It has been demonstrated that high mobility group box-1 protein (HMGB1) plays a well-established role as a pro-inflammatory mediator during innate immune response to injury. In the development of sepsis, the T lymphocytes are critically involved in cell-mediated immune response, reproductive activity has remarkably attenuated and the T helper cell (Th)2 immune reaction has become predominant [1, 2]. HMGB1 can regulate T-cell mediated immunity, thus the underlying mechanism has not been fully elucidated.
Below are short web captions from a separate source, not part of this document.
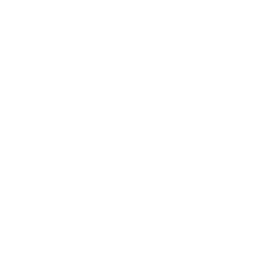 Transvoyant logo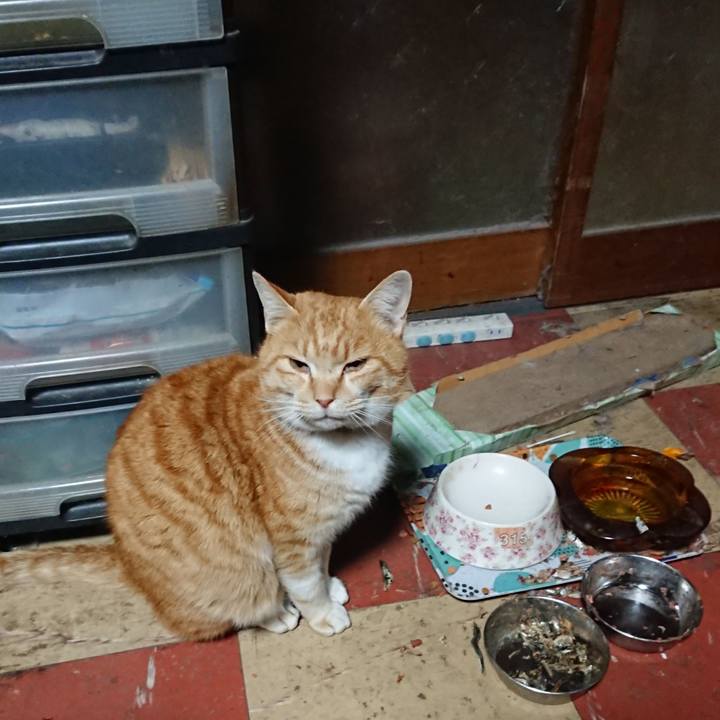 997bc5a4 652f 4049 812a bd72daf2ead6 1580759546423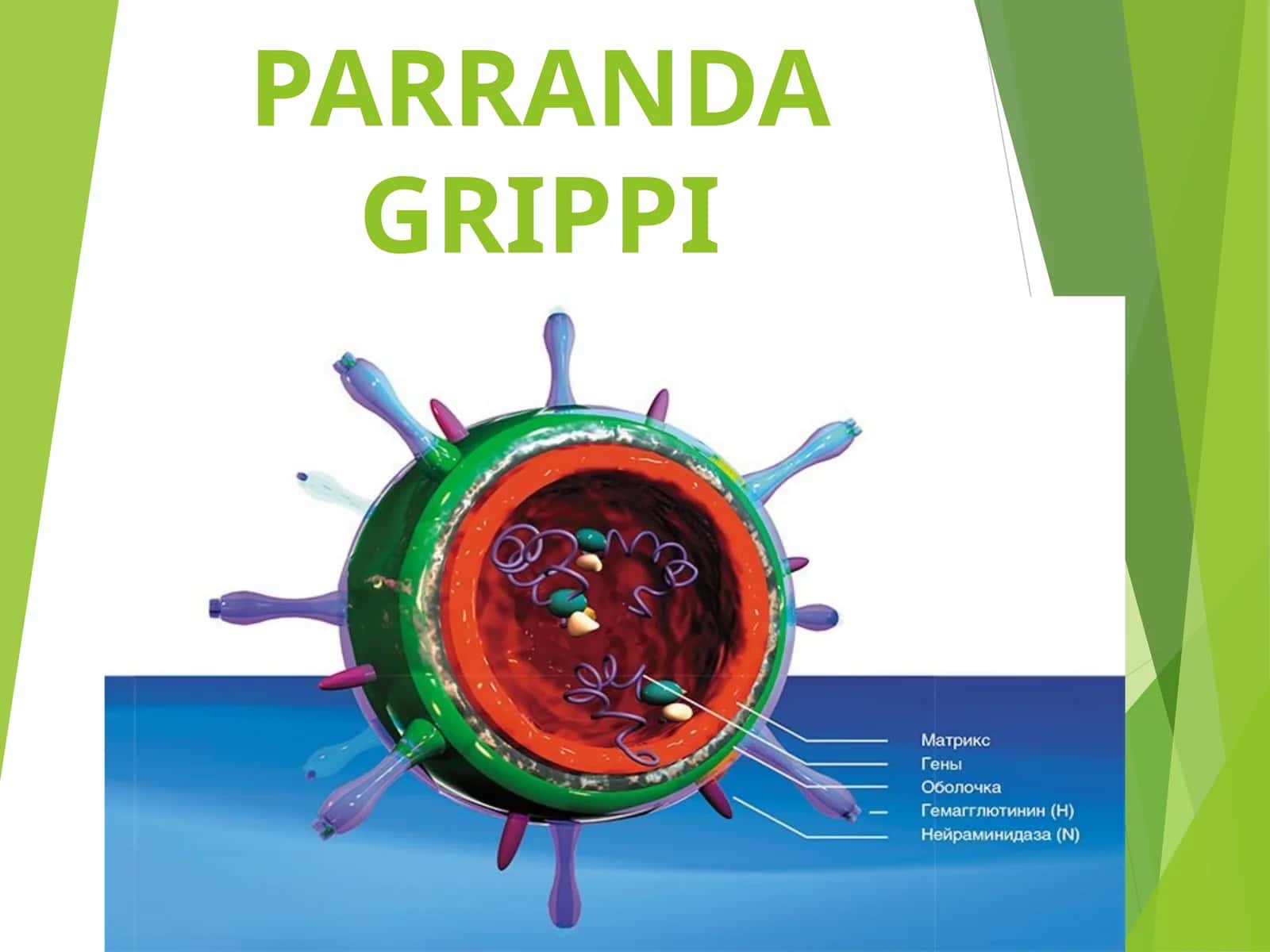Parranda grippi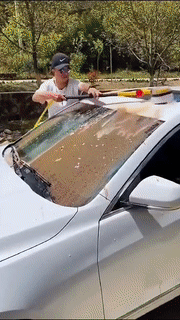 TurboShine Automatic Rotating Car Brush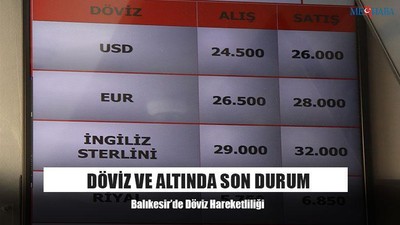 Döviz Ve Altında Son Durum
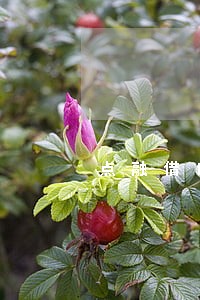 点融借口逾期 点融借口逾期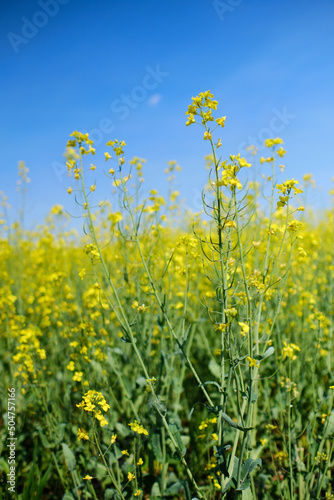Yellow rapeseed plant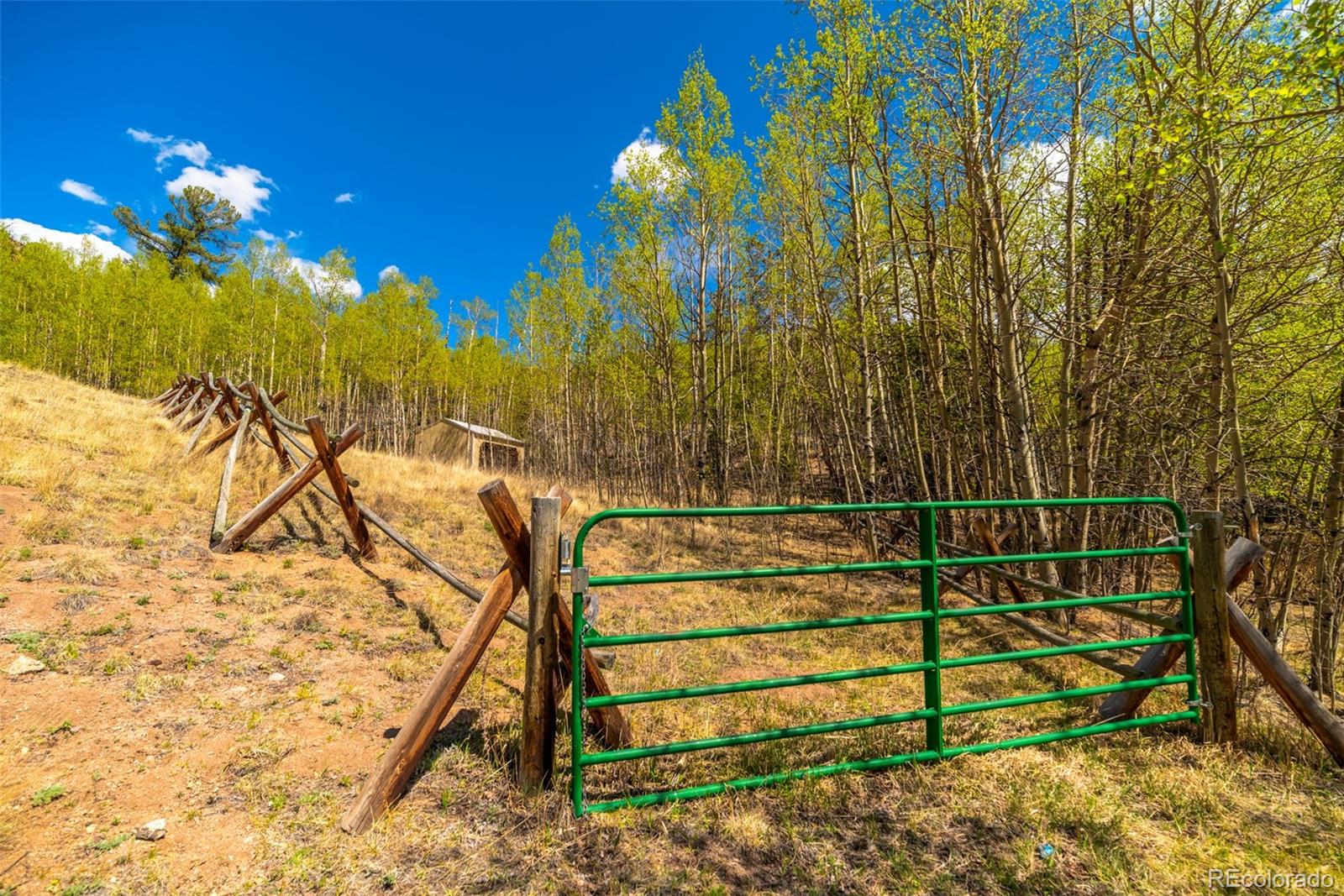 MLS Image #27 for 1819  snyder creek road,jefferson, Colorado
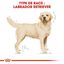 Royal Canin - Croquettes Labrador pour Chiens Adultes de plus de 15 Mois - 12Kg Indicateur image numéro 3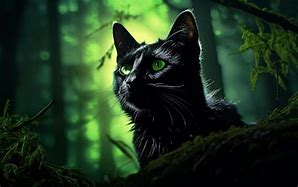 Image result for Green and Black Cat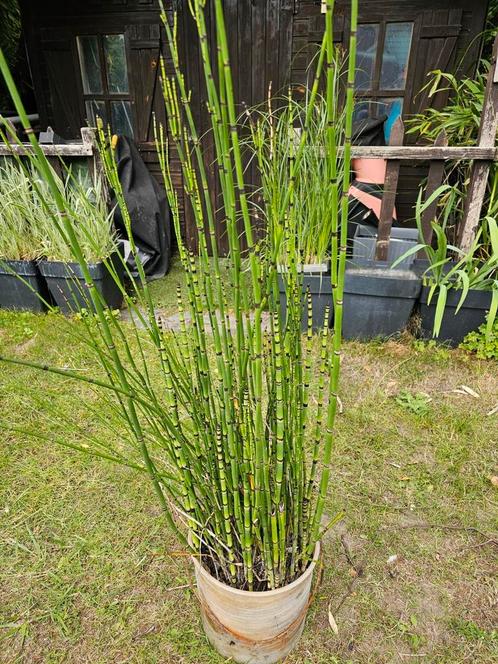 Emmer met Japanse holpijp, Tuin en Terras, Vijvers, Nieuw, Ophalen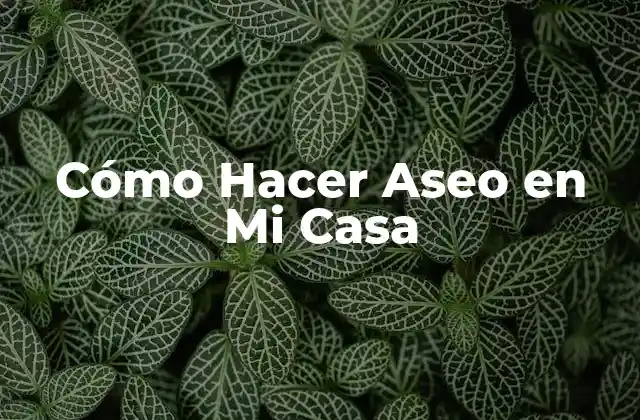 Cómo Hacer Aseo en Mi Casa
The p53 protein is a regulative factor of many processes necessary for the proper functioning of cells, and it corresponds to a number of processes associated with its life and death. The p53 protein regulates the repair of cellular DNA and induces apoptosis when the damage of the gene is too serious and it is impossible to repair . Mouse double minute 2 (mdm2) was shown to bind tightly to p53 and inhibit its biochemical activity by a variety of means [4, 5]. It is well known that intrinsic apoptotic pathway is initiated by the activation of p53. p53 can directly modulate the expression of a host of Bcl-2 family proteins which divided into two main groups of proteins: a pro-apoptotic ones such as Bax and anti-apoptotic ones including Bcl-2 [6-8], thereby directly contributing to mitochondrial outer membrane permeabilization, release of cytochrome C and apoptosis. What is more, several signaling pathways have been implicated in regulating the intrinsic apoptotic pathway. Among them, nuclear factor kappa B (NF-κB) and mitogen-activated protein kinase (MAPK) are considered substantial intermediates for induction of apoptosis [9, 10].
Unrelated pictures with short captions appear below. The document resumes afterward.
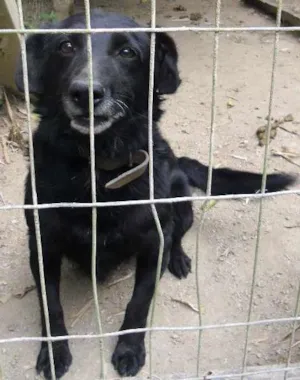 Cachorro raça SRD idade 6 ou mais anos nome Turim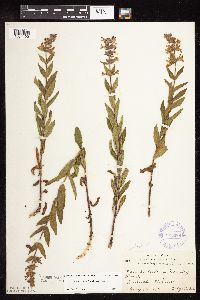 Stachys pilosa var. pilosa image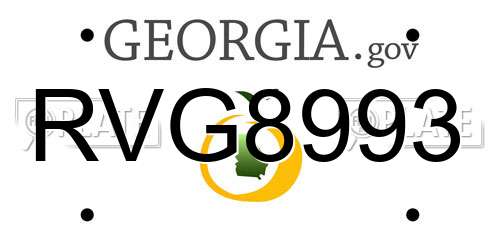 RVG8993 Georgia License Plate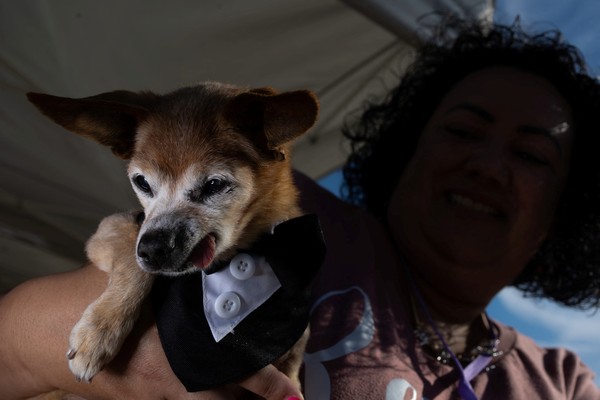 Competição do cachorro mais feio do mundo está com inscrições abertas para  2023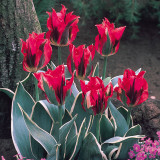 Tulip Esperanto 10/12cm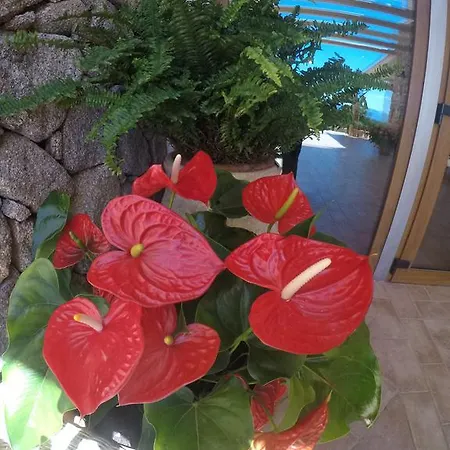 Gustui Maris Cala Gonone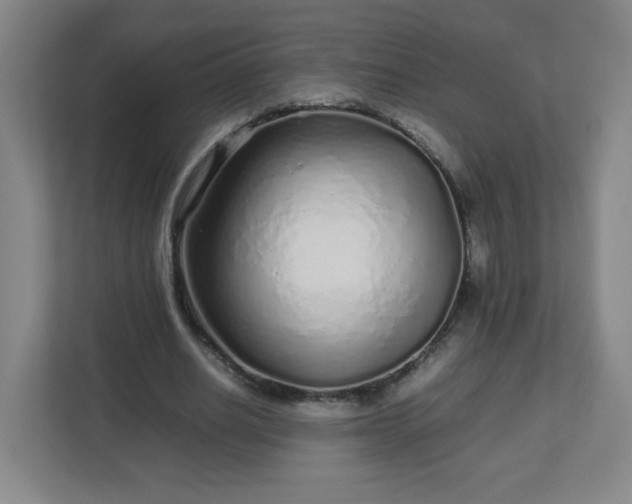 X0000113040630200909031312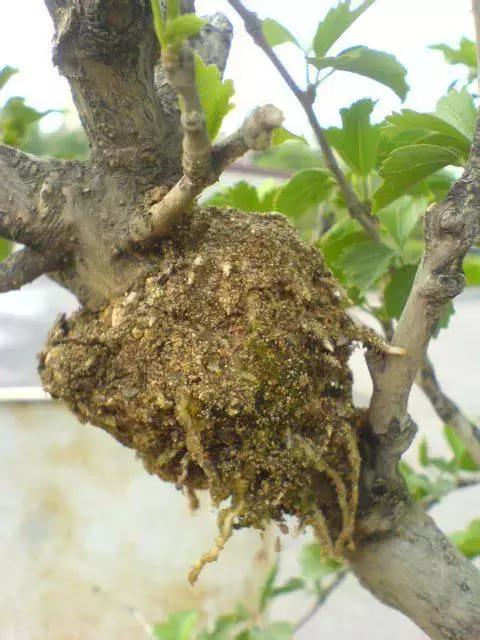 三件家用之物，台长教你八步法“高压”大苗，可当年观花当年吃果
It has been documented that intracellular HMGB1 and p53 could interact with each other by a direct binding, the HMGB1/p53 complex affects the cytoplasmic localization of the reciprocal binding partner thereby regulating subsequent levels of autophagy and apoptosis [11, 12]. In contrast to cytokine secretion, HMGB1 redistribution required the p53 tumor suppressor, but not its activator ATM. Moreover, altered HMGB1 expression induced a p53-dependent senescent growth arrest, and the secreted HMGB1 was essential for optimal secretion of interleukin (IL)-6 and tumor necrosis factor (TNF)-α . However, the definite effect of extracellular HMGB1 on p53 activity has not been illustrated. The present study was performed to investigate the effect of extracellular HMGB1 on proliferation of T lymphocytes, and to reveal the potential role of p53 on HMGB1 mediated dysfunction of T lymphocyte proliferation as well as apoptosis. Furthermore, the study was conducted to explore the signal transduction mechanism underlying HMGB1 activated p53 expression associated with MAPK pathways.
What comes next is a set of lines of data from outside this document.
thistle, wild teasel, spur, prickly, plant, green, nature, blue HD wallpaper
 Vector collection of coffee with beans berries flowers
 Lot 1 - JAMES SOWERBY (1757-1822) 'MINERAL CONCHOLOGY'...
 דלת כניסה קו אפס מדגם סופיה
HMGB1 inhibited the proliferative activity of Jurkat cells
To investigate the effect of HMGB1 on the proliferative activity of Jurkat cells, cells were analyzed at designated time points. As shown in Figure 1, proliferative activities of Jurkat cells were significantly decreased by incubated with HMGB1 (100 ng/ml) for 24 or 48 hours (P<0.05). Treatment with medium and high concentration of HMGB1 (100 ng/ml or 1000 ng/ml) markedly inhibited cell proliferation at 24 hours (all P<0.05).
Figure 1: The proliferative activity of Jurkat cells after HMGB1 stimulation. Jurkat cells were incubated with HMGB1 (10 ng/ml, 100 ng/ml or 1000 ng/ml) for 24 hours, or incubated with HMGB1 (100 ng/ml) for 12, 24, and 48 hours. CCK-8 was used to measure T-cell proliferative activity. Results of experiments were shown as the mean ± SD. Statistical significance: *P<0.05, compared with the normal group; #P<0.05, compared with HMGB1 (100 ng/ml) treated for 12-hour group or HMGB1 (10 ng/ml) treated group.
HMGB1 up-regulated both p53 mRNA and protein levels
After 24 and 48 hours of HMGB1 (100 ng/ml) stimulation, p53 mRNA expression was gradually up-regulated. Consistently, phosphorylated p53 and p53 proteins were accumulated (Figure 2). In a dose-dependent manner, a low and medium concentration of HMGB1 induced an increase of p53 mRNA, phospho-p53 and p53 protein expressions. Nevertheless, a high concentration of HMGB1 stimulation did not obviously alter p53 expression.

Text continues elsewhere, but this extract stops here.